Part of sticking to it is having patience. “Nowadays in the society that we live in, with the internet and high-speed everything, people are used to instant gratification. But that not the way things are. You’ve got to be patient,” said Dom. He keeps steadily working to reach new milestones in art and music, and when he’s not busy with a project, Dom enjoys time with friends. It’s an opportunity to rest and recharge, as well as become inspired for his next endeavor. “When my friends and I are not creating, we’re probably relaxing. Listening to music, going out to the museum, going out to eat. We’ll probably just go to the city and walk around and meet people and create opportunities. My mind is always focused on creating, or getting inspired in another way. I think a lot about the future. I kind of let that inspire me and not scare me.”

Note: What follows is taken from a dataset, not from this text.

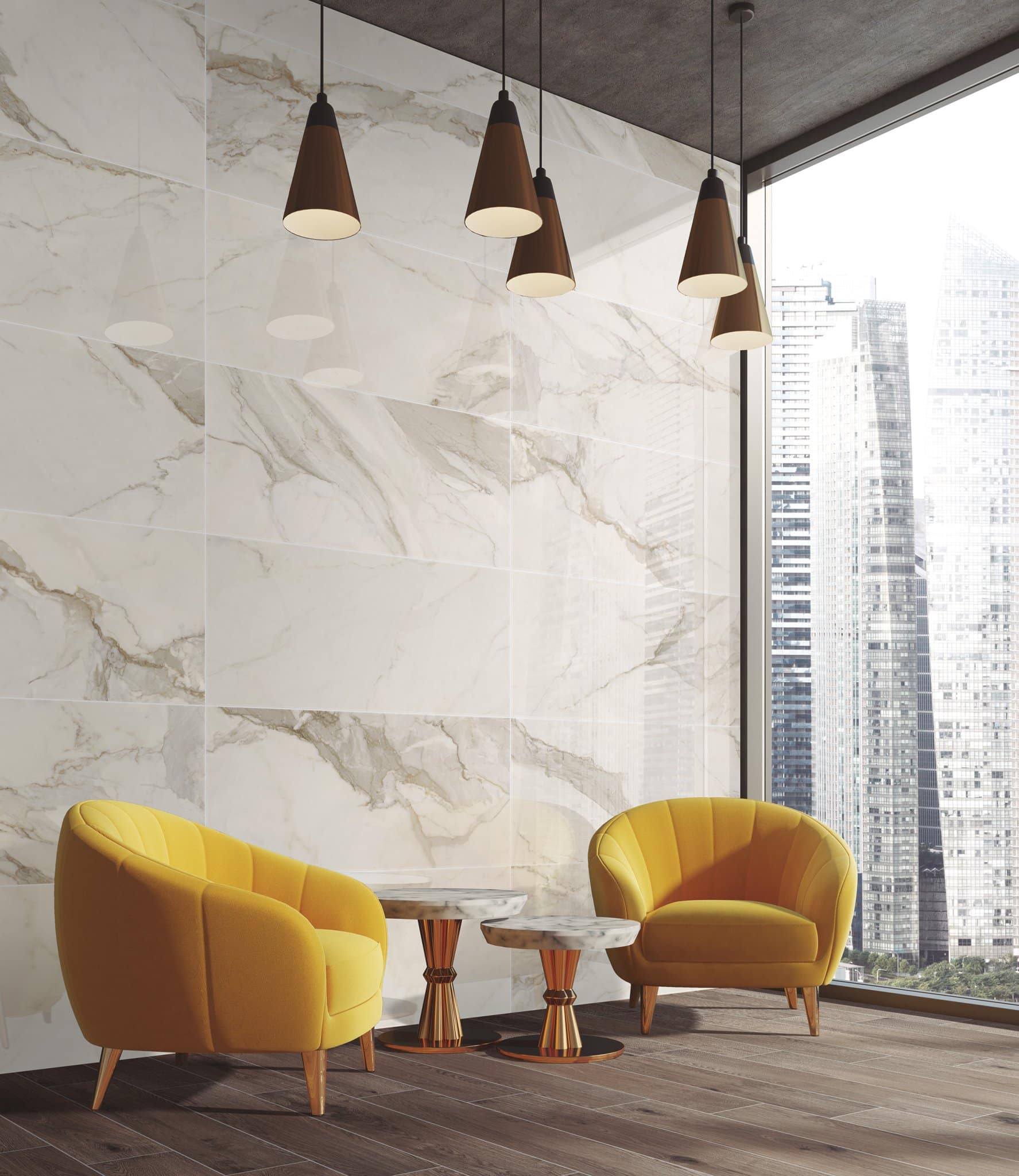 Calacatta (Limited Stock) - Image 19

Photos courtesy of Dom Wise

The future looks bright for Dom, whose positivity and eye for beauty have led him to experience the world as an exciting place full of adventure and potential. As an artist with multiple fields of interest, he enjoys it when people discover one aspect of his work, only to find out later that he also has other talents. “Music is like my lifelong aspiration, but photography kind of supplements it in a way, just to be more creative. I love that people are like, oh, you’re a musician! They might know me for music, then they find out that I do photography and they’re like, oh my God, this is beautiful, and vice versa,” he said. “It’s fun to surprise people with those abilities and I would like to learn even more. Knowledge is power.”